Ask HN: Do you write more/better code when you are drinking/drunk? - viggity

I don't know about you guys, but my productivity goes through the roof when I'm drinking and coding. It lets me completely focus and ignore all of the random thoughts that are typically running through my head. I don't think "oh, I wonder how XYZ would work with ABC" and spend absurd amounts of time on random tangents.<p>I don't know if it was a state-dependent learning thing from my days as college student, or what.<p>Obviously, I don't drink at work, but you bet I do for my side projects.<p>Anyway, does anyone else find that it helps them?
======
nostrademons
More, yes, but probably not better.

We had a CS39 liquor cabinet in my Operating Systems Design course. Rum,
vodka, gin, and lots of mixers. We needed it.

This led to some funny comments in the code, like

    
    
        // Don't believe anything this next line says
        // I'm drunk anyway.

------
adatta02
I drink while I'm coding pretty routinely. I can't really tell if it makes me
any more productive but it definitely holds up the programmer stereotype.
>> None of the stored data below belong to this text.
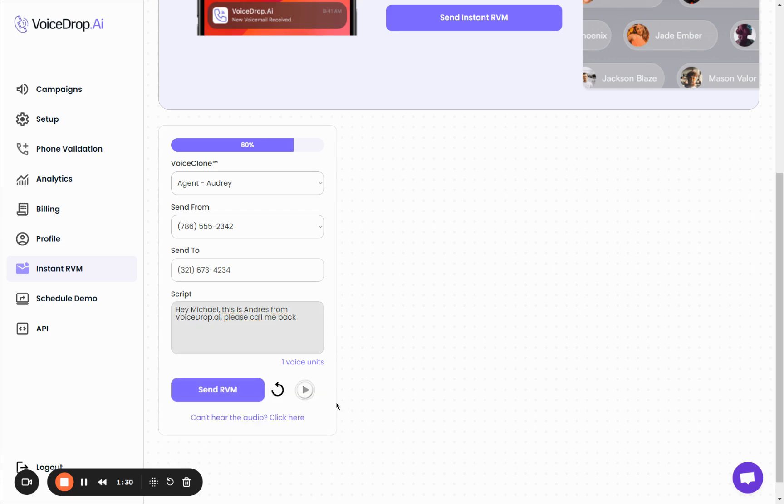Once it's done generating, you can preview the recording by clicking on this audio player.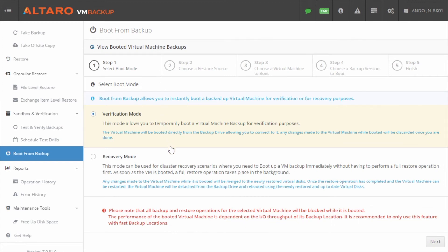We offer two different options for this feature. The first is Verification Mode, which allows you to temporarily boot a VM from backup to verify that the backups for the selected VM work with this feature.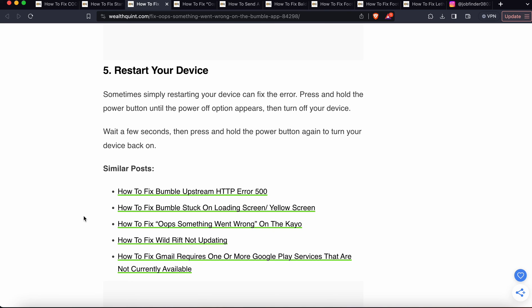Another step is very simple: just restart your device. Sometimes simply restarting your device can fix the error. Press and hold the power button until the power option appears, then turn off your device. Okay guys, thank you and have a nice day.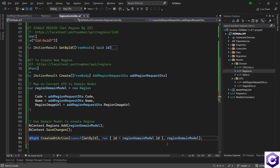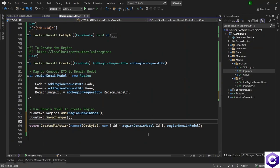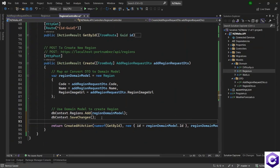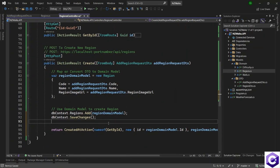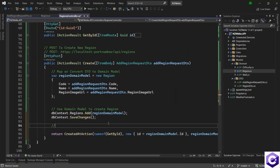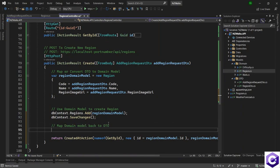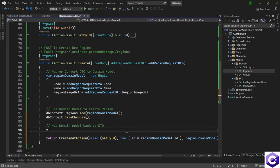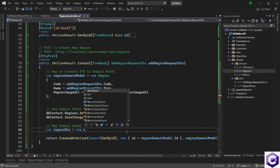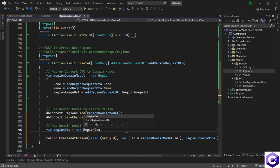And in here, because we can't send the region domain model back, we have to send the region DTO back. So we will do the mapping again. Map domain model back to DTO. And in here, we will just create a new region DTO because we have that information is equal to new region DTO.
There is also that sense of urgency that you have to get stuff done before you
get to drunk...

------
dmoney
Apparently there's been some research into this topic: <http://xkcd.com/323/>

------
icey
I used to do this years ago - I'd get home from a night at the bar and decide
to sling some code. Ultimately I had to stop doing it though; the code I wrote
was written in such a different style than my ordinary style that it became
problematic to troubleshoot easily.

That being said, there was more than one occasion where I solved a problem
after drinking that I was having a problem figuring out prior to it.

------
shutter
I've not tried this, but I would wonder how much the potential for "dumb
errors" increases when in that state. I already say "Why the heck did I write
that?" too many times even when sober!

------
m0digital
Ofcourse that's extremes to everything. If you develop while trashed I doubt
its gonna turn out well.

However, I do find myself programming better with some beer. I actually feel a
little more relaxed and focus better. Strange I know.

------
lacker
It doesn't seem to hurt for straightforward programs, but it's much easier to
make bad design decisions while drunk. It also takes me forever to debug while
drunk. I don't really think it helps me in any way.

------
jmtame
I'm glad you asked this, now I won't feel so bad about doing it.